Interestingly, these data suggest that total pause time observed during completion of “automatic” speech tasks such as counting, reciting the alphabet, or reading may correlate better with depression severity than total pause time observed during production of extemporaneous “free” speech. Conversely, measures of pause variability and the vocalization/pause ratio observed during free speech may correlate better with depression severity than these measures obtained during automatic speech production. Such patterns, if replicated in future research, would be interesting and important both theoretically and clinically. Summative measures of the total number and cumulative duration of pauses while speaking may reflect a general level of psychomotor activation/retardation. During performance of highly automated speech tasks with minimal cognitive demand, the effects of depression on psychomotor retardation may be most evident in these measures and tasks. Generation of extemporaneous speech requires greater cognitive demand, requiring selection and preparation of the verbal response as well as articulatory execution. Greater pause variability and the relationship between vocalization and pausing behaviors may reflect the effects of depression on cognitive slowing, showing better association in these measures when completing free speech tasks. Such speculation requires further research and replication, but is consistent with the data obtained in this study and patterns previously observed in persons with schizophrenia (Cannizzaro, Cohen, Reppard, & Snyder, 2005
This study has several limitations that caution against over interpretation. First, the naturalistic observational study design limits generalization of these results to those that might be expected in a placebo-controlled clinical trial. Second, while larger than previous studies investigating telephone methods for obtaining vocal acoustic measures, and the first to include longitudinal assessments, the sample was limited to 35 patients and only six weeks of follow-up. Third, this study involved a homogeneous sample of primarily Caucasian patients recruited from a regional HMO. Whether or not these results would replicate in a longer study with a larger and more diverse patient population remains to be investigated.

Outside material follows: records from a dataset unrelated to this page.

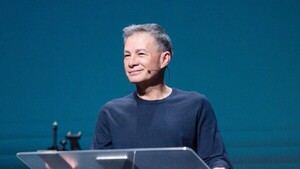 Peña recibe bendición de polémico pastor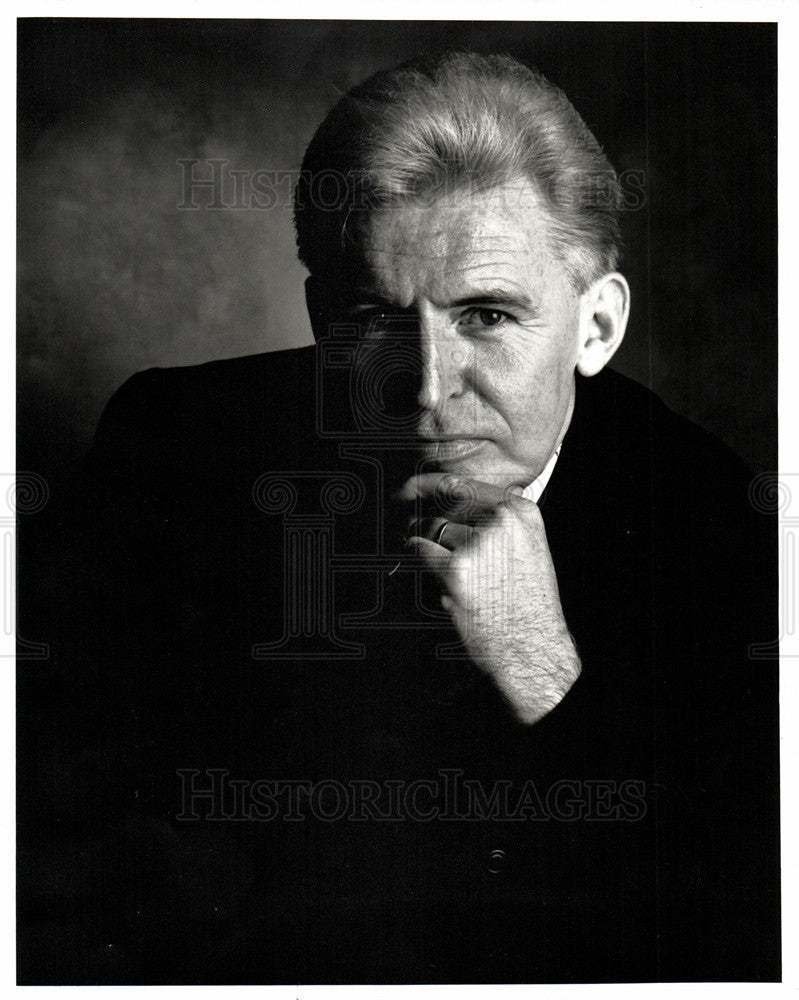 1991 Press Photo Mike McCartney Rock Photographer - Historic Images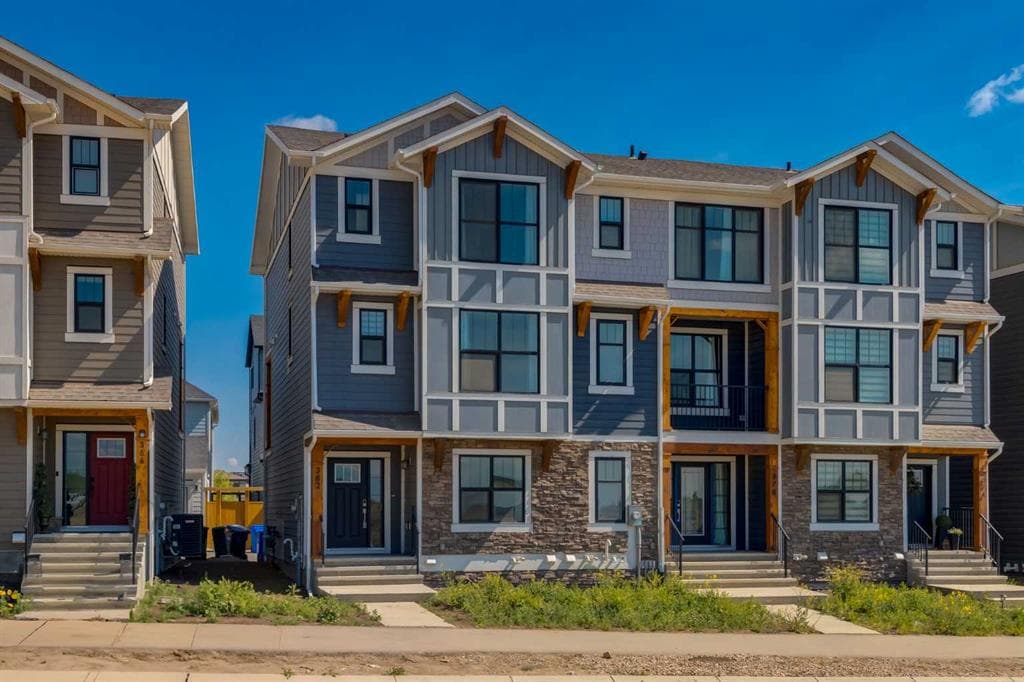 4-bed Townhouse for sale at 382 Alpine Avenue SW, Calgary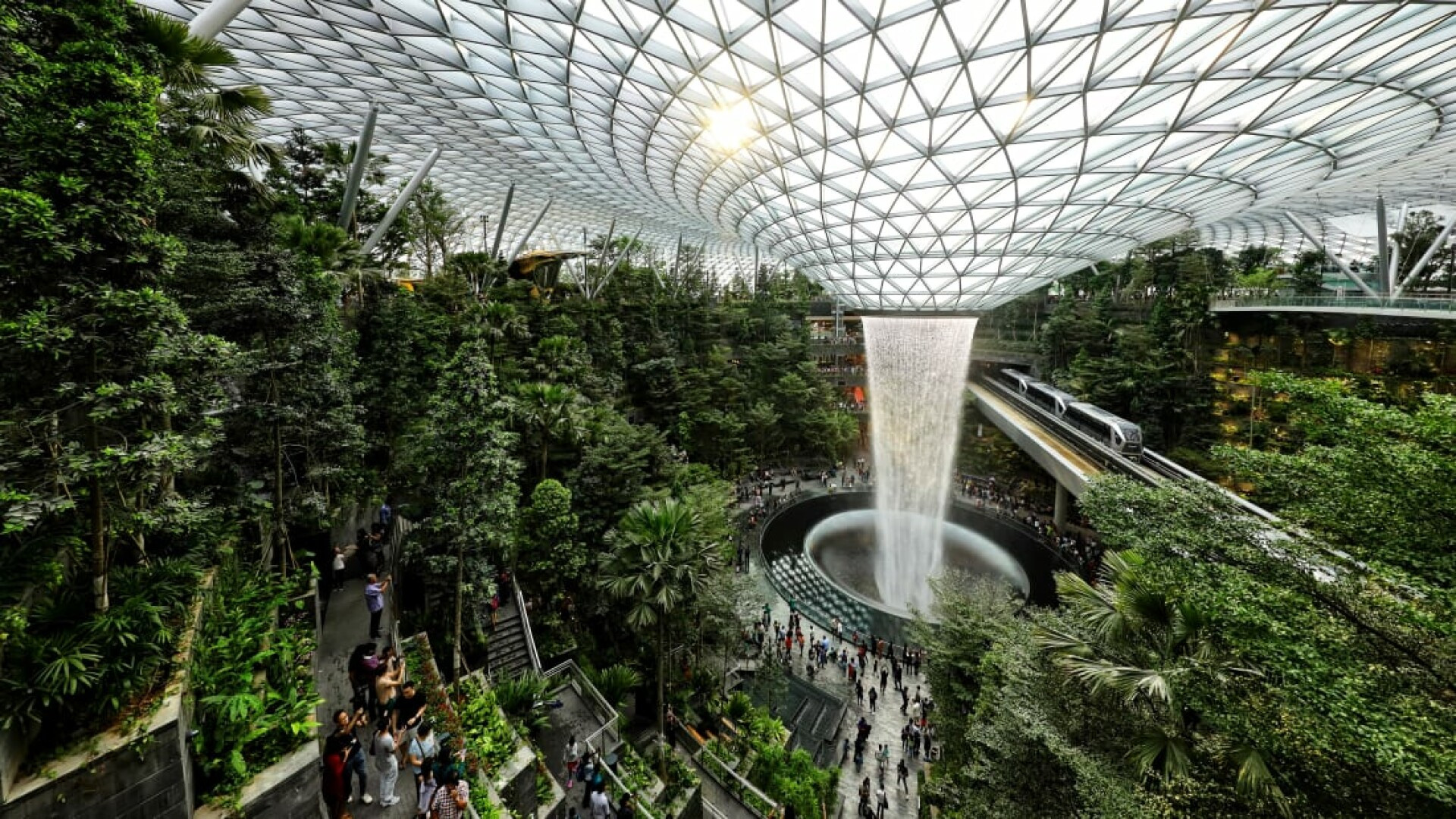 Cele mai scumpe orașe din lume în 2021. Parisul a fost detronat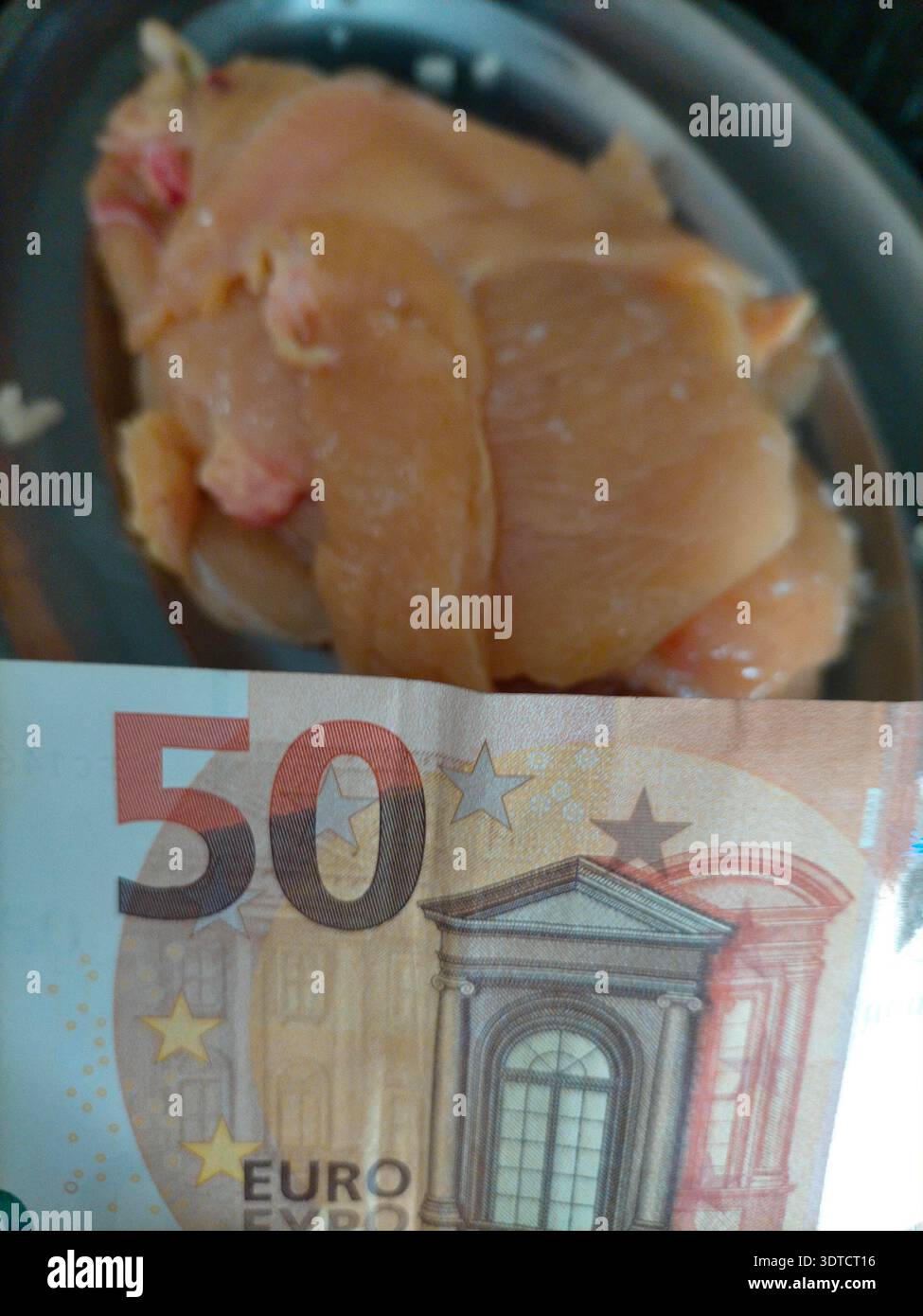 Facture de 50 euros en plus des filets de poulet frais, de la taxe alimentaire et du coût de la vie élevé. Banque D'Images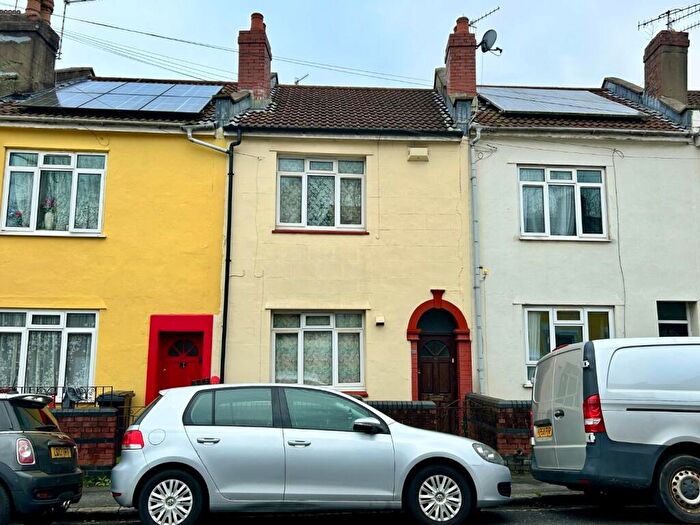 2 Bedroom House For Sale In Chelsea Road, Bristol, BS5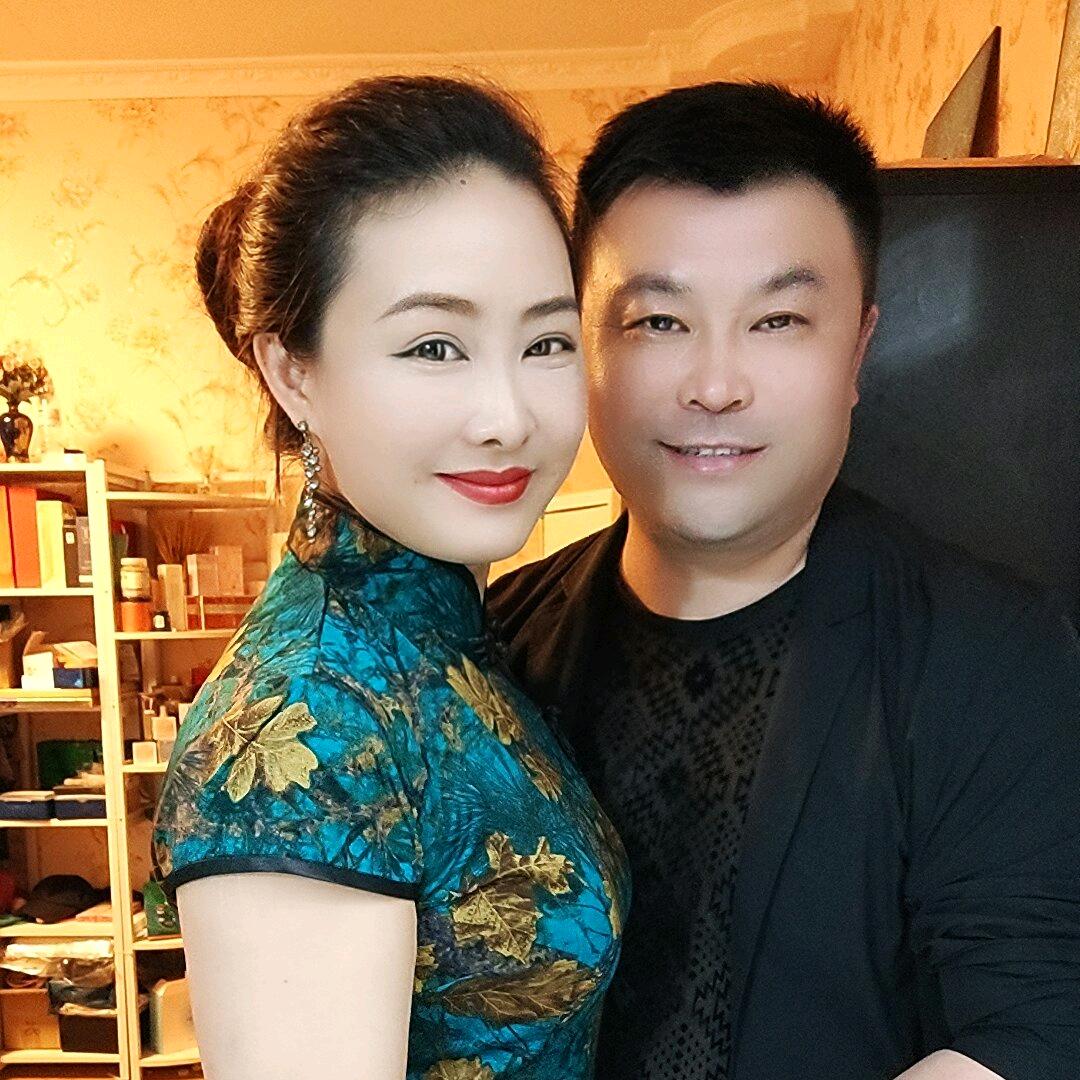 硬汉筱跟班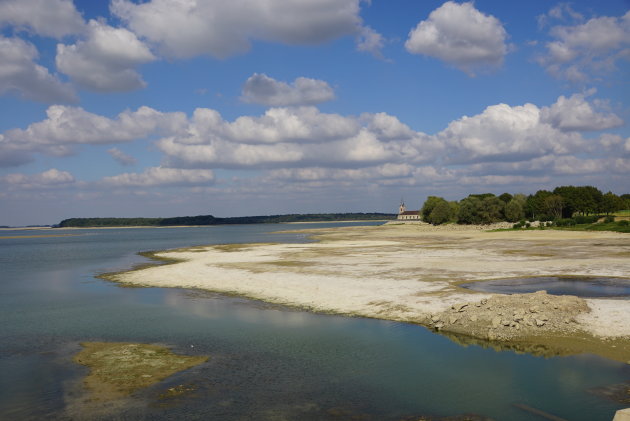 Eenzaam kerkje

Such limitations notwithstanding, this pilot study clearly establishes the feasibility of voice acoustic measures as potential depression severity biomarkers and indictors of treatment response. It also establishes the feasibility of using computer-automated speech solicitation techniques to obtain meaningful and analyzable data over standardized telephone interfaces. Voice acoustic measures associated with pitch variability and motoric articulation were significantly related to cross-sectional differences in depression severity between patients, as well as within-patient clinical change between treatment responders and nonresponders. These results replicate and extend prior research and identify needs for further research.